Serge Schmemann misses one major change in attitudes toward World War II in his NYT op-ed on the war’s 60th anniversary. He talks about the Baltic states stiffing (Estonia and Lithuania) or meeting (Latvia) Russia, China bashing Japan, Germany’s desire to be included, but the only mention of the Holocaust is remembering that the Baltic states and Bulgaria cooperated with Germany in massacring Jews.

Jews have turned against the “greatest generation” that fought for American in World War II because the Allies did not move quickly enough to save Jews in European death camps. I believe that this is why we now have a World War II memorial on the mall. The World War II vets thought they didn’t need a memorial because their deeds would be enough to speak to history for them. Now they find that defeating the Germans and the Japanese was not enough. They are condemned for not stopping the Holocaust. So, at least they have their memorial on the mall, but their reputations tarnish by the day under the attack of the Holocaust promoters.
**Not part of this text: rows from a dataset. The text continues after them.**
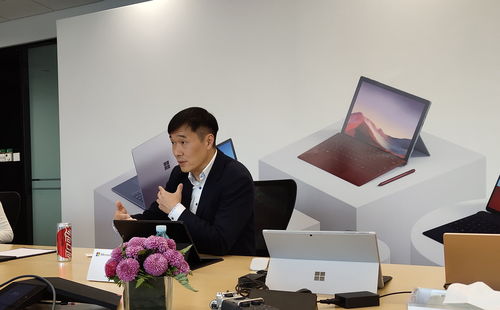 對話微軟鄒作基 云與AI雙輪驅(qū)動硬件創(chuàng)新，商用Surface構(gòu)建獨(dú)立銷售體系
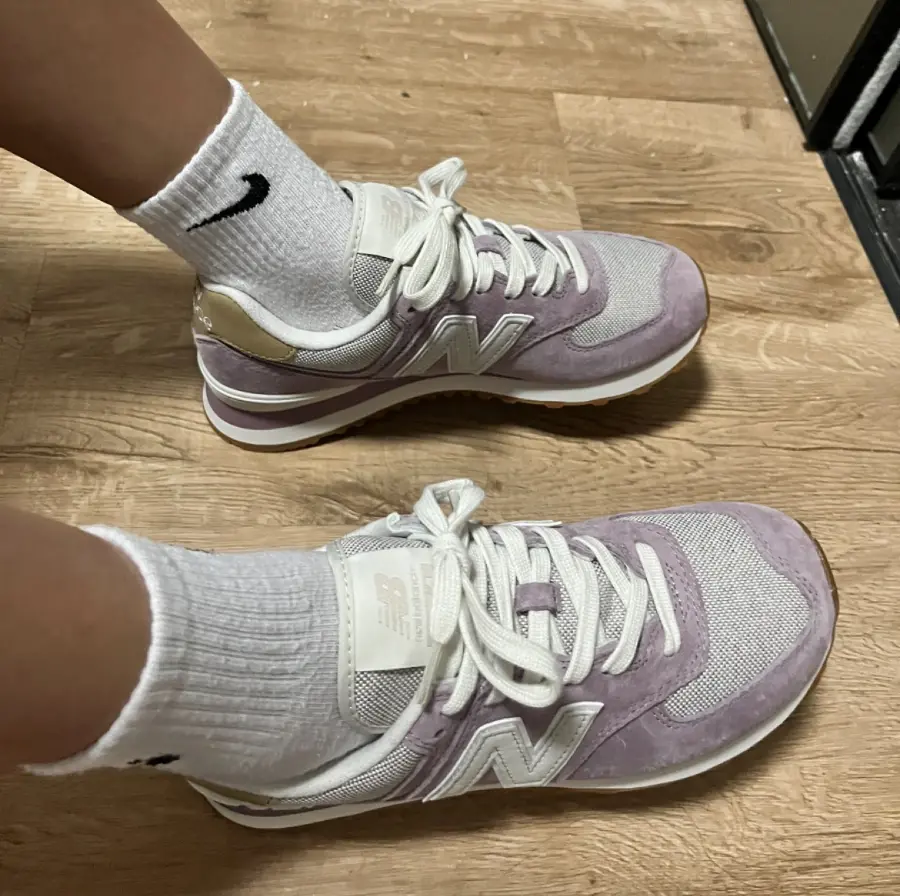 Giày New Balance 574 ‘Purple’ WL574CLC - Ảnh 4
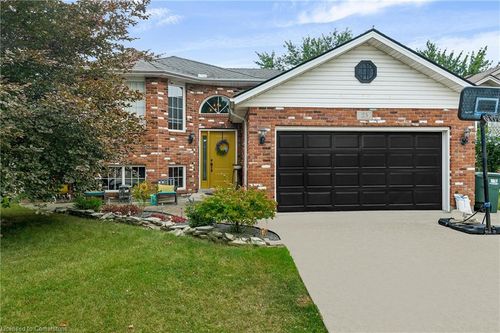 25 Bratt Dr, Amherstburg, ON, N9V4A1 | Card Image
Schmemann missed, or failed to mention, that change in perception toward World War II. Now thanks to endless public promotion, deaths in the Holocaust are perceived as much more important than deaths in combat. Rows of marble tombstones in military cemeteries here and abroad are now less important than images of Auschwitz. Few outside Russia mention that millions more Soviet citizens died in combat or were killed in their homes than the number of Jews who were killed in the Holocaust during the war.